Exercise goal:
Only the pictures should be left out; repeat the rest of the data exactly.

***** Working data *****

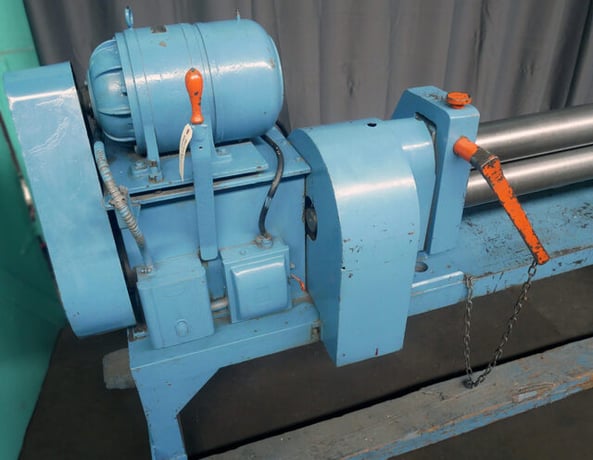 4' x 3/16" Bertsch, Initial Pinch Power Bending Roll, 5" diameter x 50" L roll, 5 HP, 220/440 V. - Image 3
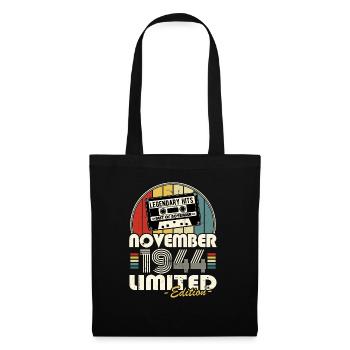 Legendary since November 1944 vintage birthday - Tote Bag - black - Front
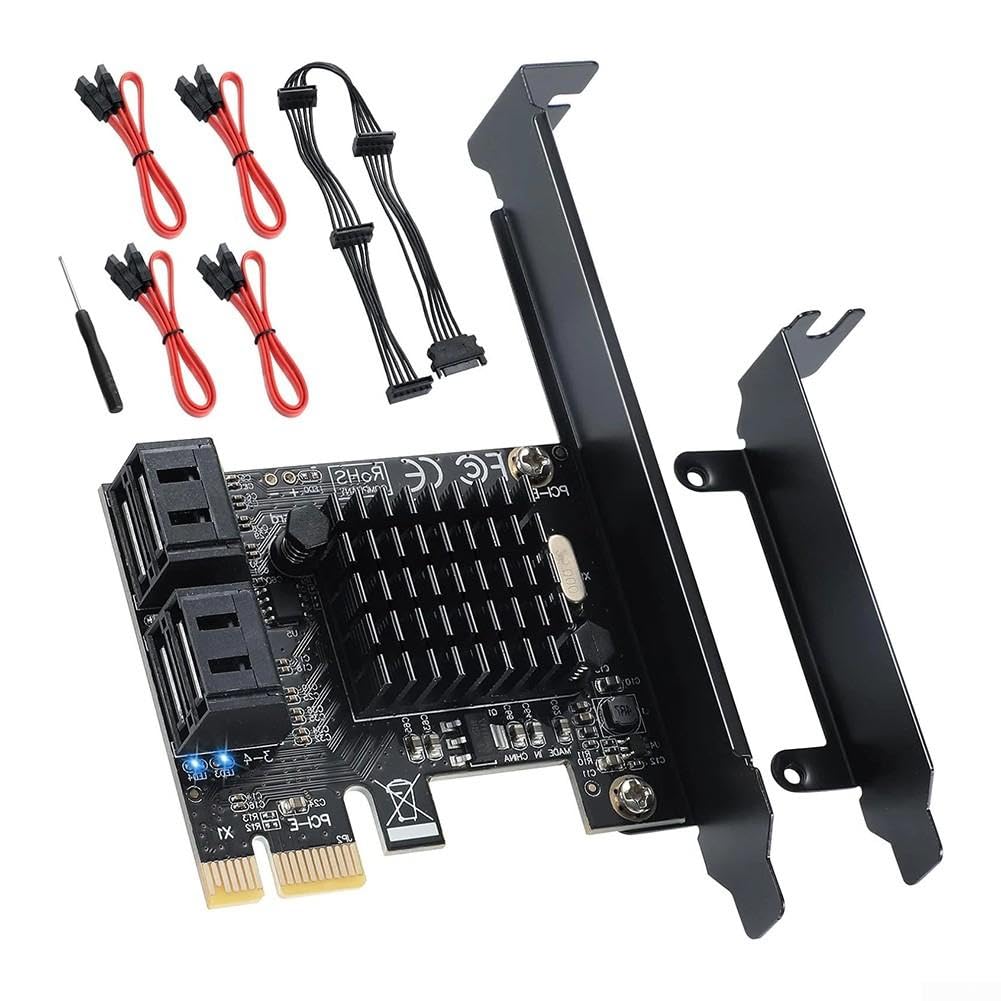 Pour pcie x1 pour carte contrôleur SATA 3.0 4 ports 6 Gbps pour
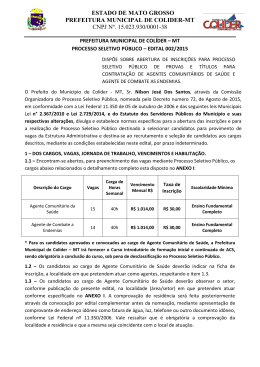 ESTADO DE MATO GROSSO PREFEITURA MUNICIPAL DE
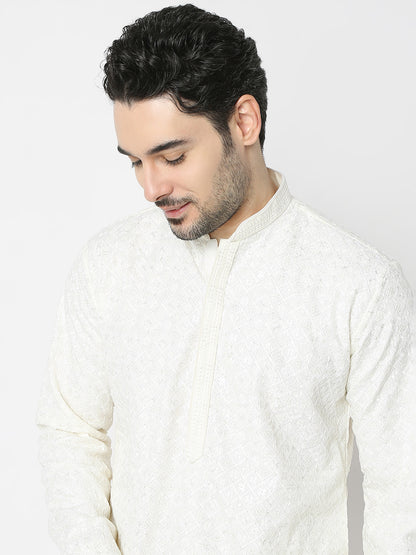 Regular Fit Embellished Full Sleeves Kurta and Pant Set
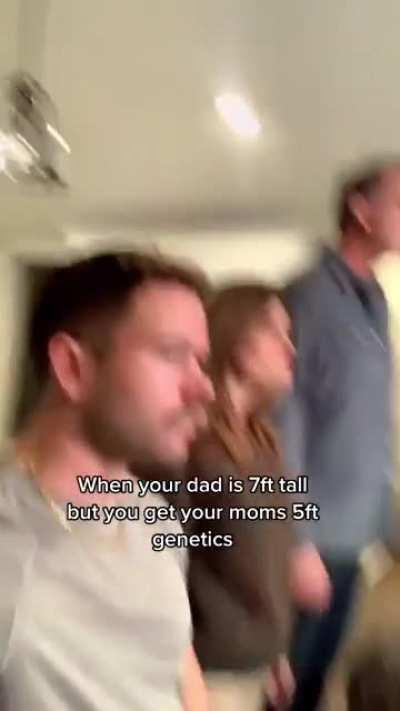 Tall men who end up with short women. Are you worried that her genetics will become dominant?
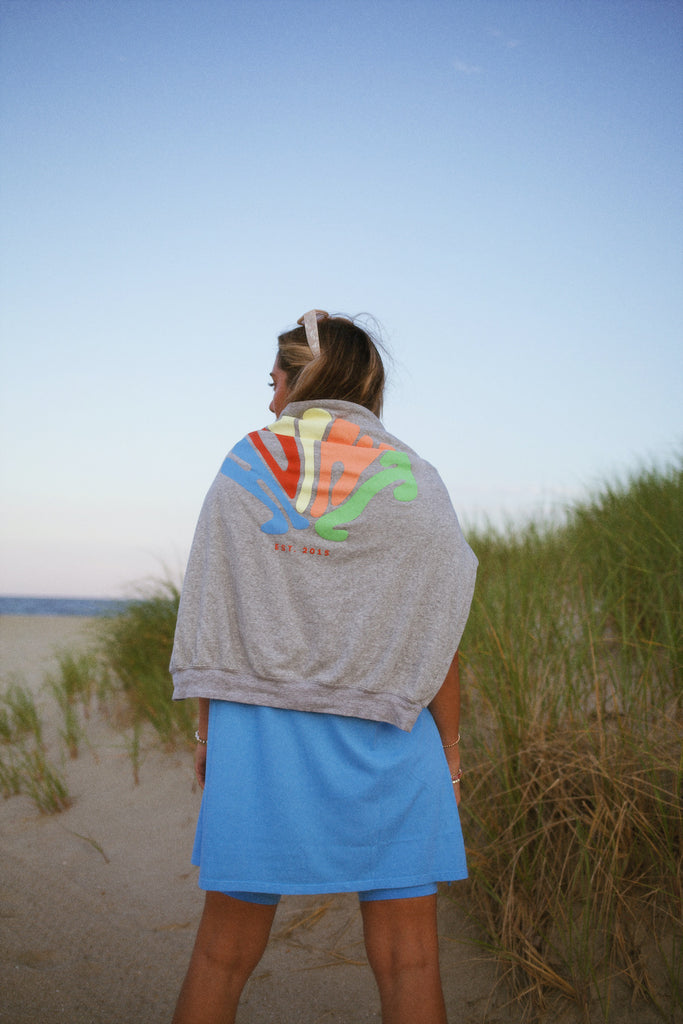 Talula Blue Oversized Tee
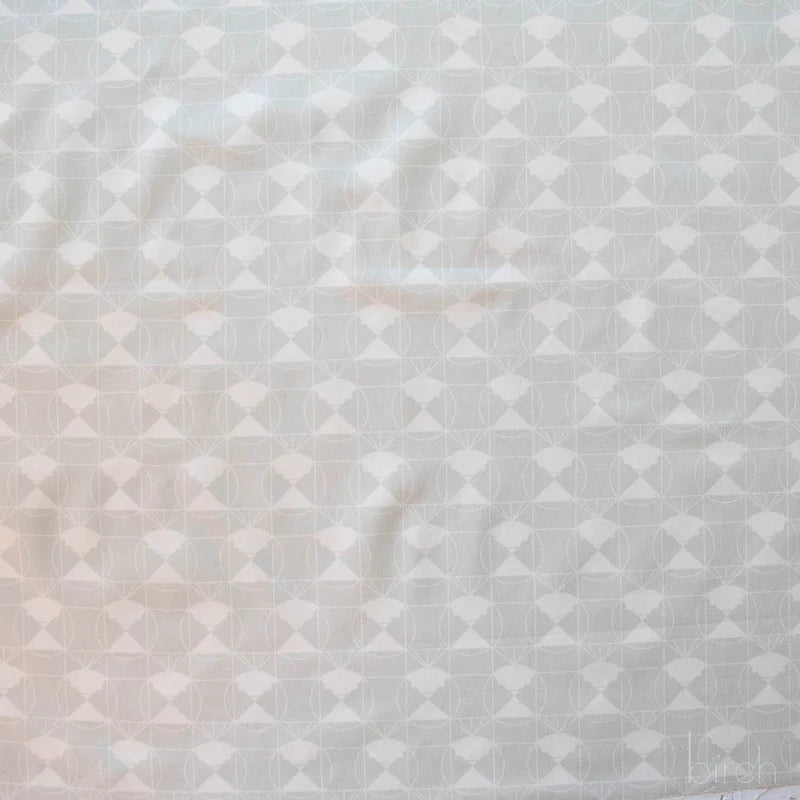 End Papers | Chickadee Snow by Charley Harper for Birch Fabrics | CH-436-SNOW | 100% Organic Cotton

*****

Finished task:
 4' x 3/16" Bertsch, Initial Pinch Power Bending Roll, 5" diameter x 50" L roll, 5 HP, 220/440 V. - Image 3
 Legendary since November 1944 vintage birthday - Tote Bag - black - Front
 Pour pcie x1 pour carte contrôleur SATA 3.0 4 ports 6 Gbps pour
 ESTADO DE MATO GROSSO PREFEITURA MUNICIPAL DE
 Regular Fit Embellished Full Sleeves Kurta and Pant Set
 Tall men who end up with short women. Are you worried that her genetics will become dominant?
 Talula Blue Oversized Tee
 End Papers | Chickadee Snow by Charley Harper for Birch Fabrics | CH-436-SNOW | 100% Organic Cotton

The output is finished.